Budget Fact: This budget represents shared sacrifice by all. No one entity is being singled out. Unfortunately, if anything, the budget is actually being shouldered by the hardworking workforce of the County employees more than anyone else. And even though we are former Councilmembers, we have asked more of the City in recent years (budgetwise) than any other jurisdiction.


Explanation: Although we have not yet finalized the budget, the suggestion that this budget is being balanced "on the backs of the Townships" is misplaced. First, the basics of the budget show that most of the $40M in cuts is coming internally--from the employees of the County at all levels. And to the extent those cuts impact services, those services have a Countywide impact.

One aspect of the Administrator's proposed budget indeed involves the townships, in that he would ask the three largest Townships to pay for the patrols that they directly receive, and that they have traditionally received without having to reimburse the county. (They already pay for other patrol services provided by the Sheriff). Since the Administrator made that proposal, many questions have been raised about how to best pay for this arrangement, but this is an area that should and will ultimately be left up to the Sheriff to decide: how to best and most effectively patrol the County within his statutory authority, and within a limited budget. But even under the administrator's proposal, the budgetary impact of this is about 15% of the total cuts being discussed.

But before Township residents and leaders think that even this part of the administrator's proposal is somehow singling them out, we have actually spent the past two years having the very same conversation about other services we have traditionally provided (without reimbursement) . . . to the City of Cincinnati (yes, our former jurisdiction).

- in early 2008, for example, we began billing the City of Cincinnati for the cost of jail bed days used for citizens who violated City ordinances. For some reason, this had not been done since 2001 (even though it was required by contract). The City now pays the County $10,000s per month for this cost.

- later in 2008, I also learned that Ohio law requires that we be reimbursed for any public defender services we provide to citizens whose crimes involve the violation of the City's ordinances. Counter to the law, the public defender had not been asking for such reimbursements. Well, now we do (more accurately, as soon as we did, the City chose to do these services themselves going forward). Either way, we just relieved potentially hundreds of thousands of dollars in lawyer time from our public defender caseload.

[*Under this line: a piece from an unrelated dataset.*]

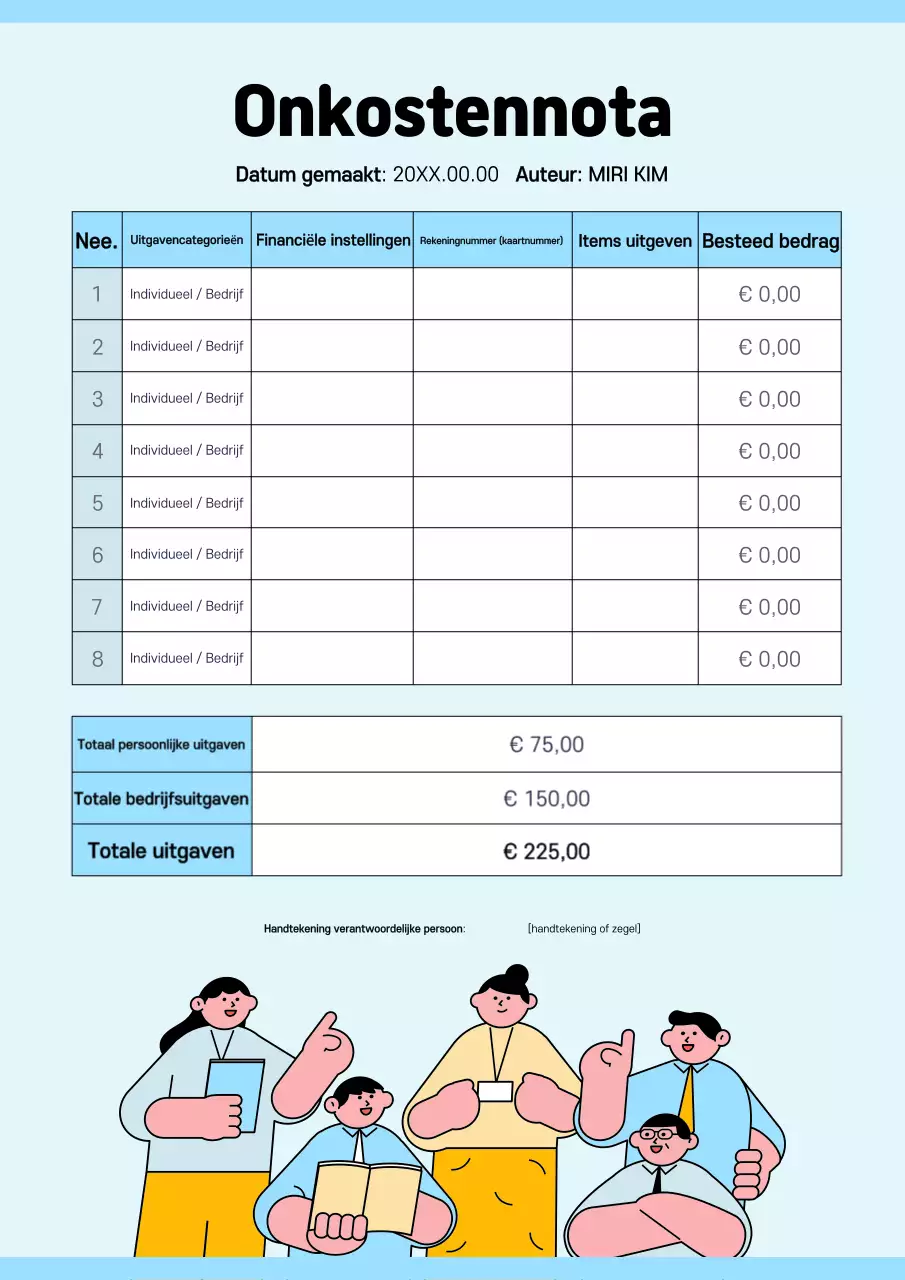 Een eenvoudige, lichtblauwe onkostendeclaratie analyseren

So the concept of allocating cost to those who benefit from a service is not a new one at all, and was first applied to the City. While they at first weren't happy, they ultimately saw that our requests had merit.

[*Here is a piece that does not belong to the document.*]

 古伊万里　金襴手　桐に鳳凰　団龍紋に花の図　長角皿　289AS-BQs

Also, as we finalize this budget, we are also trying to help our Townships by:

- lobbying hard to make sure the State maintains its 911 wireless fee, which directly benefits all jurisdictions (including Townships), by reducing the local cost of running our regional communication center. This would allow each jurisdiction to put more money into local policing efforts.

- supporting legislation, requested by Anderson Township, that would allow Anderson, Green and Delhi Townships to use funds in their Tax Increment Finance Districts for more than just capital expenditures, including paying for Sheriff's patrols if they so choose.

Overall, in a tough time, we're trying to be fair to all taxpayers, residents and government partners. We are no doubt asking a little more from our partners in government, but usually because the law and fairness (or both), require it.

Even then, the sad truth is that no one is shouldering this budget and difficult economy nearly as much as our own County workforce.

3 comments:

Anonymous said...

with recent news reports - it seems certain townships have been balancing THEIR budgets on the backs of taxpayers from other townships for generations. At least the GOP strongholds.

Someone said...

Anon, not only do I agree, I think that is the biggest point everyone has missed in this whole story!

Read this.

Anonymous said...

Thanks for the link Dean - good story - someone needs to investigate this further since the Enquirer protects GOP strongholds. Heck, no wonder some communities are prospering while others are tithing to the extremes of Leis (and a complacent BOCC???)